Paulette Clancy | |
Birth Place: | London |
Thesis Title: | Molecular interactions |
Thesis Year: | 1977 |
Fields: | Chemical engineering |
Thesis Url: | https://solo.bodleian.ox.ac.uk/permalink/44OXF_INST/35n82s/alma990206232810107026 |
Alma Mater: | Queen Elizabeth College University of Oxford |
Paulette Clancy is a British physicist who is Professor of Materials Science at Johns Hopkins University. Her research investigates the development of machine learning strategies to advance innovation in materials design, with a focus on complex situations.
Clancy is from London.[1] [2] She was an undergraduate student at Queen Elizabeth College, where she studied chemistry. She moved to the University of Oxford for her doctoral research in physical chemistry.[3] [4]
Clancy was a postdoctoral researcher at both Cornell University and the University of London. While at Cornell, she bought a Chevrolet Camaro and drove all around North America. She returned to the United Kingdom, where she worked for an oil company.

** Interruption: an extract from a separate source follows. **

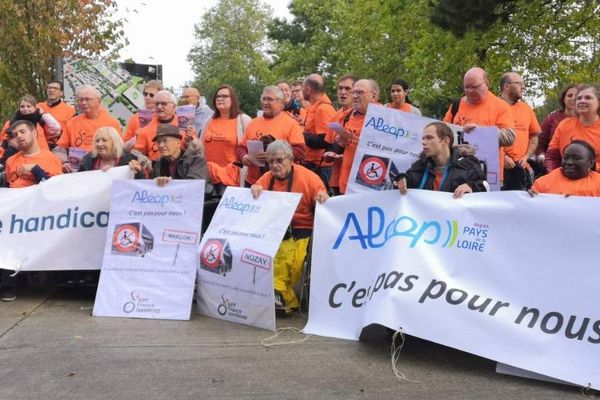 Mobilisation de l'APF durant les 27è Rencontres du transport public à Nantes 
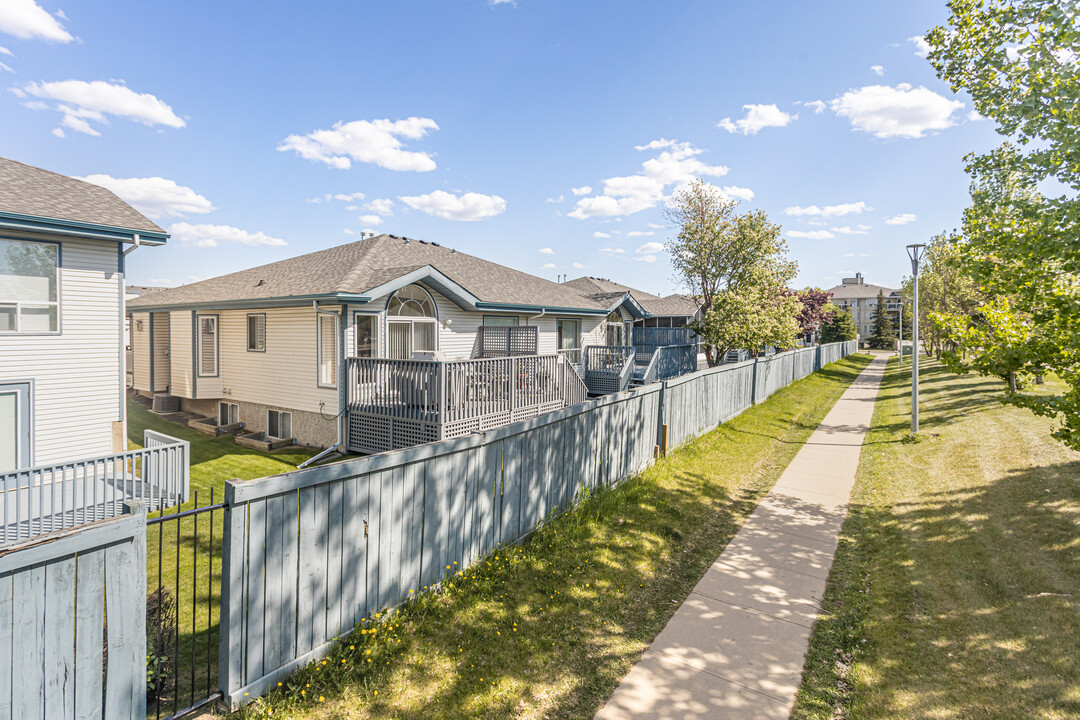 17418 98A Ave NW in Edmonton, AB - Building Photo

In 1987, Clancy joined the faculty at Cornell University. She spent over thirty years at Cornell, eight as the Director of the Computational Science and Engineering and Bodman Chair of Chemical Engineering. Clancy founded the Women in Science community at Cornell, and has advocated for equity and inclusion throughout her career.[5] She joined the faculty at the Whiting School of Engineering in 2018, and was appointed the Edward J. Schaefer Professor in 2023.[6]
Clancy's research investigates the use of computational materials science. She looks to understand the relationship between atomic structure and material properties. At Johns Hopkins University, she leads the Data Science and AI Initiative. Her research involves computational simulations of semiconducting materials, include inorganic (e.g. silicon and germanium) and molecular systems.[7] She is interested in the simulation of complex organic systems (e.g. antibacterial oligomers and covalent organic frameworks), understanding processes involved during nucleation and crystal growth, and the development of large-scale models for materials innovation (machine learning, force fields, Bayesian optimisation).